- Directed by: Karel Lamač
- Written by: Václav Wasserman
- Starring: Josef Rovenský; Marcella Albani; Gaston Jacquet;
- Cinematography: Otto Heller
- Production company: Bratři Deglové
- Distributed by: UFA
- Release date: 25 October 1929;
- Country: Czechoslovakia
- Languages: Silent; Czech intertitles;

= Sin of a Beautiful Woman =

1929 film

Sin of a Beautiful Woman (Hříchy lásky) is a 1929 Czech silent drama film directed by Karel Lamač and starring Josef Rovenský, Marcella Albani and Gaston Jacquet.
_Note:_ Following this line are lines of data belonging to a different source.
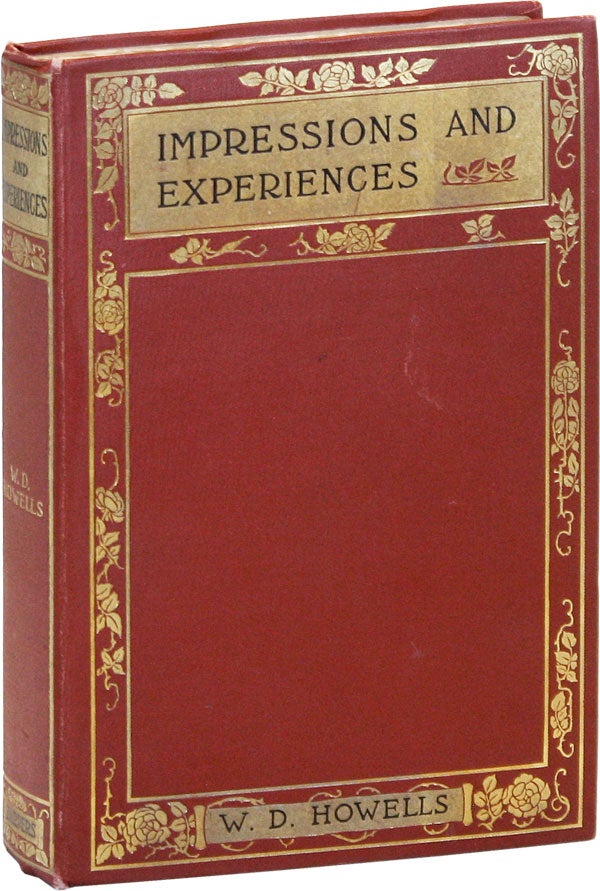 Item #45299] Impressions and Experiences. William Dean HOWELLS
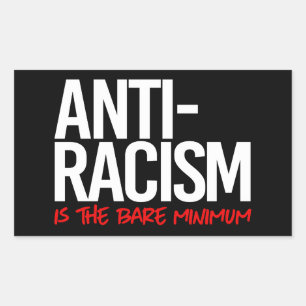 Anti-Racism is the bare minimum Rectangular Sticke Sticker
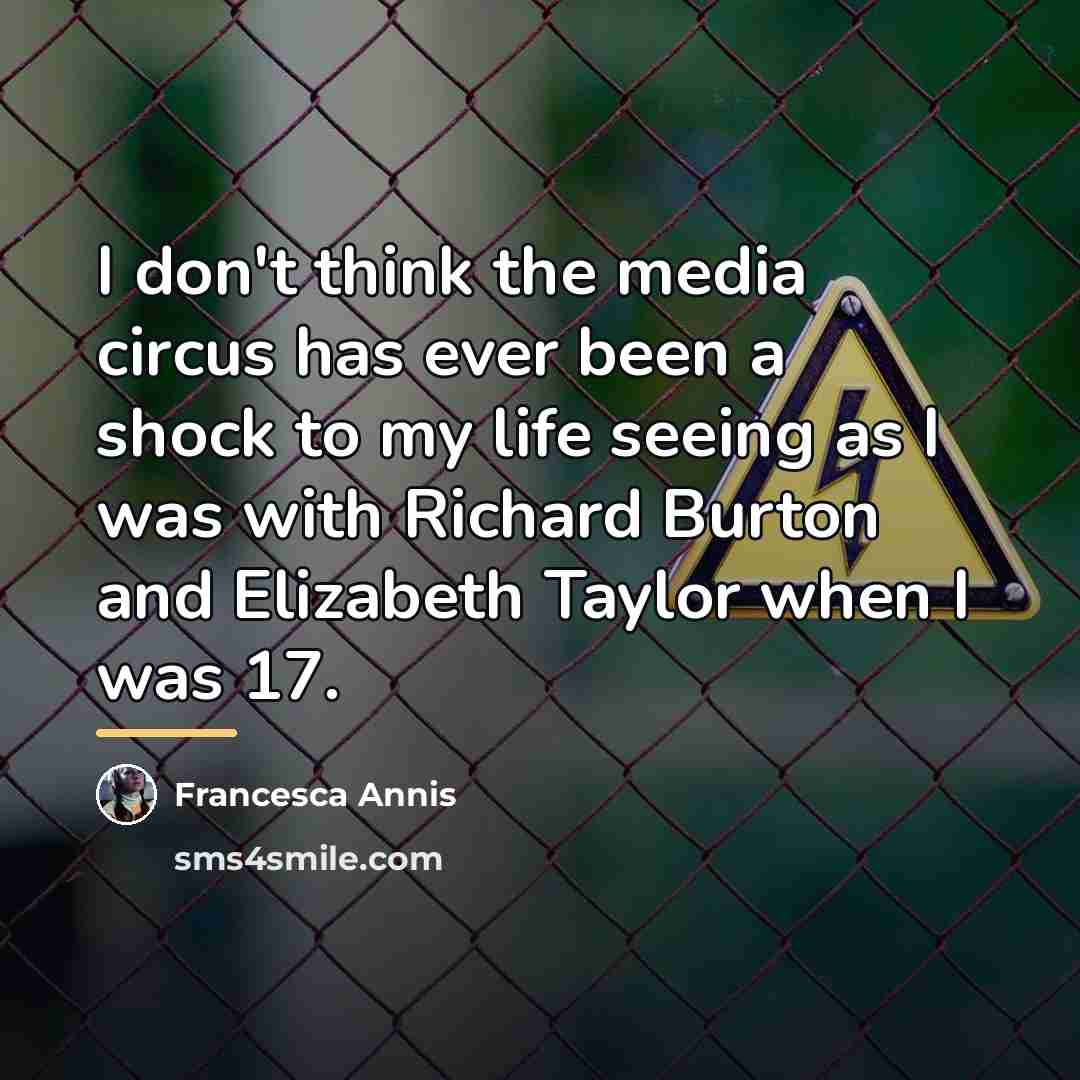 “I don't think the media circus has ever been a…” quote by Francesca Annis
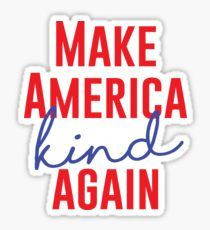 make america KIND again anti hate sticker
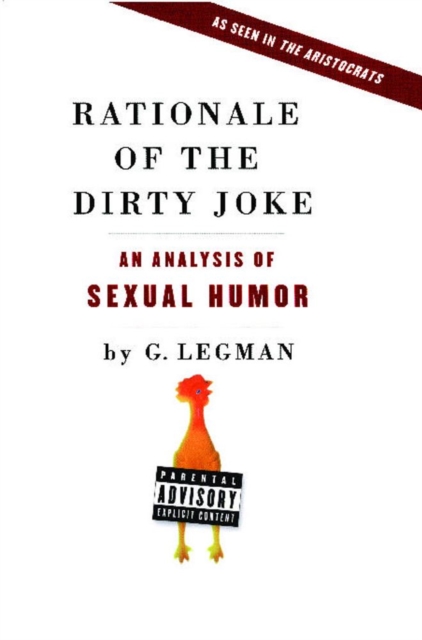 Rationale of the Dirty Joke : An Analysis of Sexual Humor, EPUB eBook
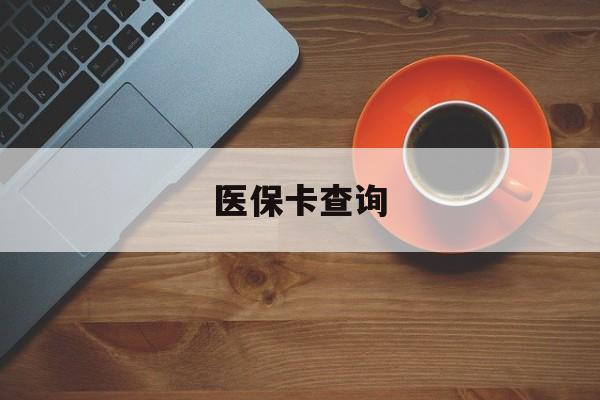 抚顺医保卡查询(医保卡查询怎么查的)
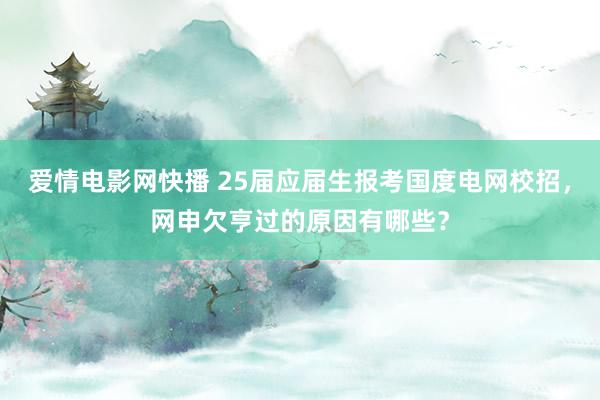 爱情电影网快播 25届应届生报考国度电网校招，网申欠亨过的原因有哪些？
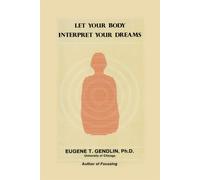 Let Your Body Interpret Your Dreams - Gendlin Eugene T. Ph.D.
It was shot in Kavalírka studio in Prague.

==Cast==
- Josef Rovenský as Actor Ivan Kristen
- Marcella Albani as Actress Soňa Kristenová
- Gaston Jacquet as Eduard Warren
- Walter Rilla as Actor Richard Kent
- Ladislav H. Struna as Thief Ferda Štika
- Karel Schleichert as Old Taverner
- Alois Charvát as Director of Provincial Theatre
- Josef Šváb-Malostranský as Provincial Actor
- Ludvík Veverka as Warren's Assistant
- Bronislava Livia as Mimi Stevensová
- Bohumil Kovář as Director
- Jiří Červený as Intendant of the Great Theatre
- Čeněk Šlégl as Warren's Secretary
- Betty Kysilková as Prompter
- Theodor Pištěk as Police Commissioner
- Ernst Waldow as Examining Officer

==Release==
In 2017 the film was restored by Czech Film Archive. New electronic music was created by Johana Ožvold, Martin Ožvold and Jan Kratochvíl.